1. Característico do pensamento político-ideológico de Amílcar Cabral é o seu assumido pan-africanismo, que também se expressa com a sua identificação com as causas emancipatórias dos negros e afro-descendentes de todo o mundo, devidamente inseridas na causa maior da libertação dos povos africanos da opressão colonial e da exploração neo-colonial e dos povos do chamado Terceiro Mundo de todas as formas de dominação imperialista, bem como na causa superior da emancipação de toda a Humanidade  da exploração do homem pelo homem e da sujeição da pessoa humana a interesses egoístas e degradantes de indivíduos, grupos ou categorias e classes sociais.  
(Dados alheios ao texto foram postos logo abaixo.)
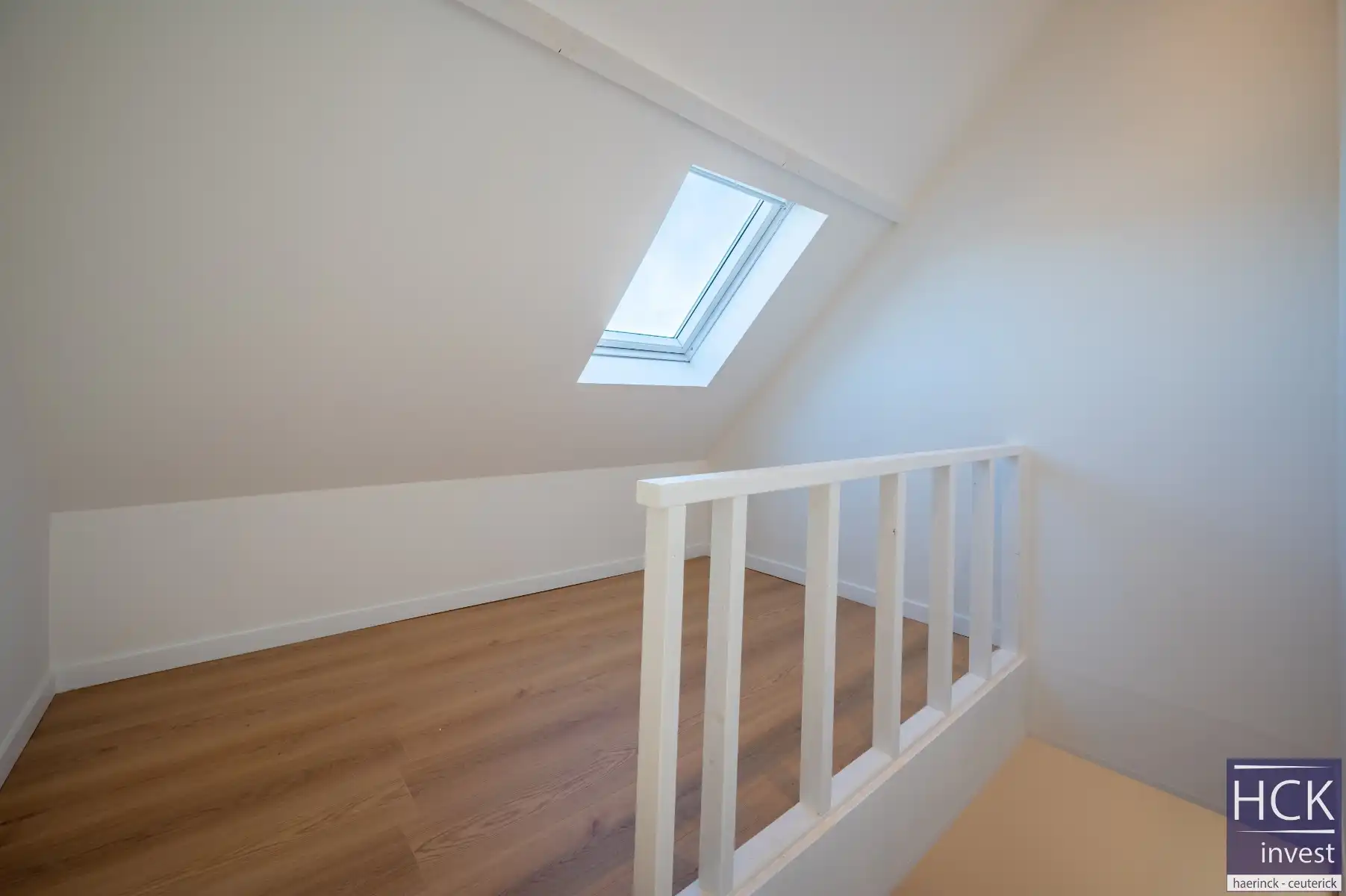 GENT - Nieuw gerenoveerde woning vlakbij St. Pieters station! foto 13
Uma primeira expressão do fervor afro-crioulista, pan-africanista, pan-negrista, ecumênico e internacionalista de Amílcar Cabral encontra-se nalguns dos seus poemas mais icónicos e assume laivos de esfusiante entusiasmo quando, em 1949, toma conhecimento, através do seu amigo e camarada angolano Mário Pinto de Andrade, dos poemas negritunidistas de poetas francófonos reunidos e organizados por Leópold Sédar Senghor na Anthologie de la Nouvellhe Poésie Négre et Malgache, a qual contou com um marcante prefácio do filósofo existencialista francês Jean-Paul Sartre intitulado Orphée Noir”.  
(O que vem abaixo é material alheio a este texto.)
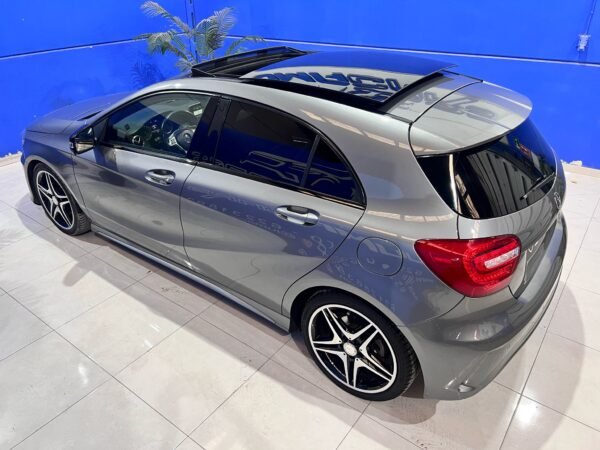 MERCEDES CLASE A200 AMG LINE - Imagen 8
Essa mesma opção  pan-africanista concretiza-se depois em feitos práticos baseados numa elevada consciência nacionalista de matriz afro-crioulista e pan-africanista de Amílcar Cabral, ainda nos tempos das suas vivências e andanças lisboetas, i. primeiramente com a sua participação activa nas actividades da célebre CEI (Casa dos Estudantes do Império), de cuja Direcção foi Vice-Presidente e de cuja Secção para Cabo Verde, Guiné Portuguesa e São Tomé e Príncipe foi responsável (sendo curioso que foi essa mesma Secção originária na Casa dos Estudantes de Cabo Verde, co-fundadora, com a Casa dos Estudantes de Angola e a Casa de Goa, da CEI, que concedeu a bolsa de estudos superiores a Amílcar Cabral) e, ii. posteriormente, com a criação, com Agostinho Neto, Alda do Espírito Santo, Francisco José Tenreiro,  Marcelino dos Santos, Mário Pinto de Andrade e Noémia de Sousa do Centro de Estudos Africanos, propugnador da chamada reafricanização dos espíritos, isto é, do regresso intelectual e espiritual por parte dos estudantes e quadros africanos assimilados pela cultura escolar europeia às fontes e às raízes da identidade africana mediante o seu aprofundado e alicerçado conhecimento. 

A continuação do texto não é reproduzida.